Physics · collisions

Collision Simulator

Two particles, free multi-ball collisions, or a Newton's Cradle — elastic to perfectly inelastic.
Every collision conserves p = mv exactly · walls and the pivot bar don't
Free collision · 5 balls · e = 1.0

Mode

Perfectly elastic — no kinetic energy lost

Particles

size = mass · arrow = speed

Balls

Presets

Live simulation

Kinetic energy over time

Field notes

What elasticity actually changes

Using this tool

Momentum is non-negotiable. Energy is a choice.

Every collision here conserves momentum exactly between the two bodies involved — that's Newton's third law expressed as an equal and opposite impulse, and it holds regardless of what you set elasticity to. The total momentum you see in the readout still drifts, though — walls (in Free Collision) and the pivot bar's string tension (in Newton's Cradle) are external forces acting on the system, exactly like a real wall or a real support would. Kinetic energy is different again: it's only conserved when e = 1 (perfectly elastic). Anywhere below that, some kinetic energy converts to heat, sound and deformation on every impact, and the chart below shows exactly how much survives each collision.

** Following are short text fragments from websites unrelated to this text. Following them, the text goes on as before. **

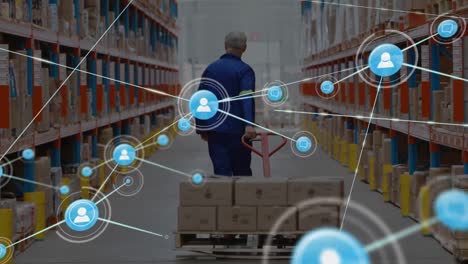 Network-of-digital-icons-against-rear-view-of-senior-male-worker-pulling-a-pallet-at-warehouse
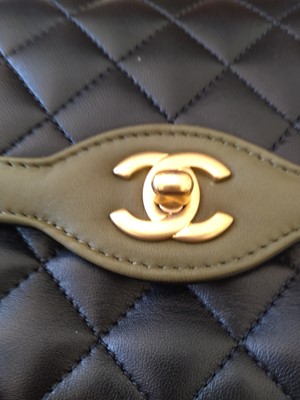 Lot 411 - A Chanel black lambskin petit flap bag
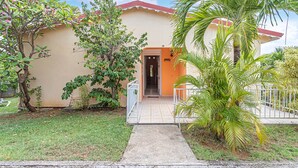 Una casa con ingresso in piastrelle, un piccolo portico e una palma.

Worked example — Newton's Cradle

Pull back 2 balls on a 6-ball cradle and release with e = 1: the two end balls stop dead on contact and exactly 2 balls fly out the far side at the same speed — not because the cradle is special, but because equal-mass elastic collisions simply swap velocities, and touching balls do it in an instant, unbroken chain.

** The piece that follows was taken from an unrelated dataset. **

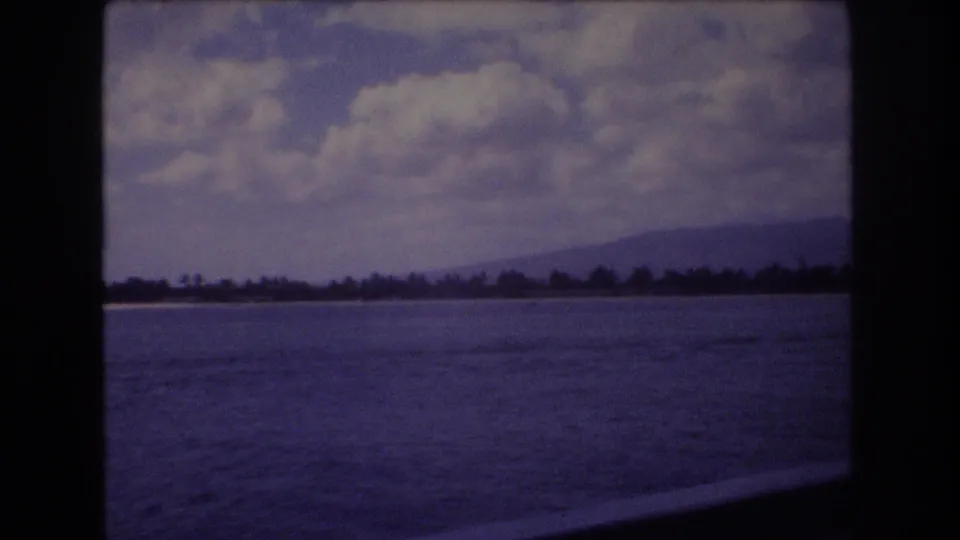 1977 8mm home-movie frame from Honolulu, Hawaii, showing blue ocean water from a moving vessel with a distant tree-lined shoreline, low mountains, and white clouds.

Why do equal-mass elastic collisions "swap" velocities?

Solving the conservation equations for momentum and kinetic energy simultaneously with m₁ = m₂ has exactly one non-trivial solution: the two velocities exchange. It looks like the balls passed through each other, but they didn't — they just handed off exactly what they carried.

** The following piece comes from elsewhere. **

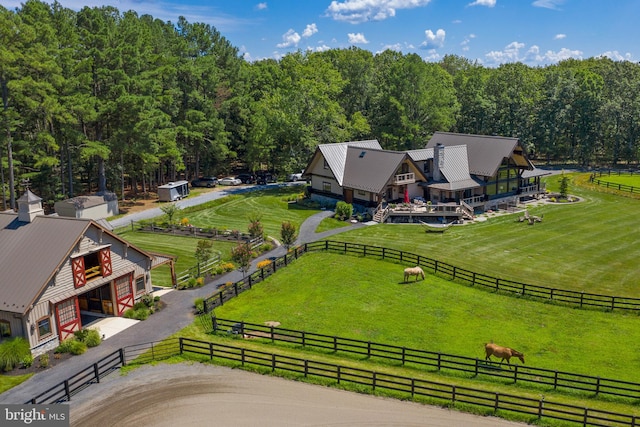 birds eye view of property featuring a rural view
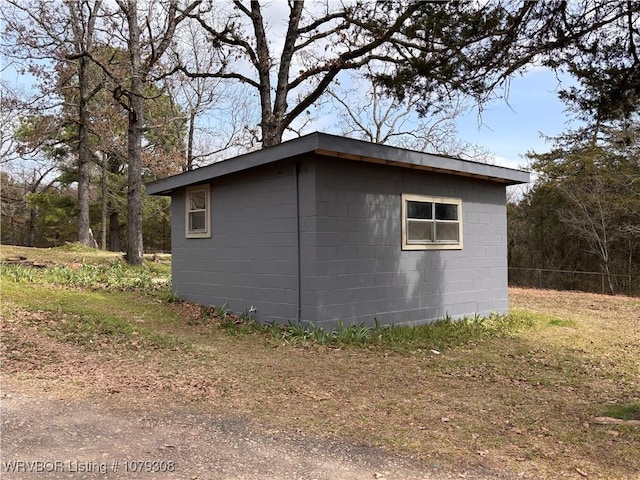 view of property exterior featuring concrete block siding and an outdoor structure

Why does a Newton's Cradle "know" to send out the same number of balls?

Because the swap happens ball-by-ball down the line, near-instantaneously since they're touching. Two balls arriving together deliver two separate velocity handoffs in the same instant, which only has room to land on the last two balls in the chain — that's the whole trick, not a separate rule.

What happens with e between 0 and 1?

Momentum still balances exactly, but each impact bleeds off some kinetic energy — set the slider below 1 and watch the sharp cradle "click" turn into a duller, more clustered motion where balls tend to move together rather than cleanly handing off velocity.

Does mass variation change the swap behaviour?

Yes — unequal masses never fully swap velocities even at e = 1. A light ball hitting a heavy one mostly bounces back; a heavy ball hitting a light one barely slows. Toggle "vary ball mass" to see the clean cradle click become a mix of different responses.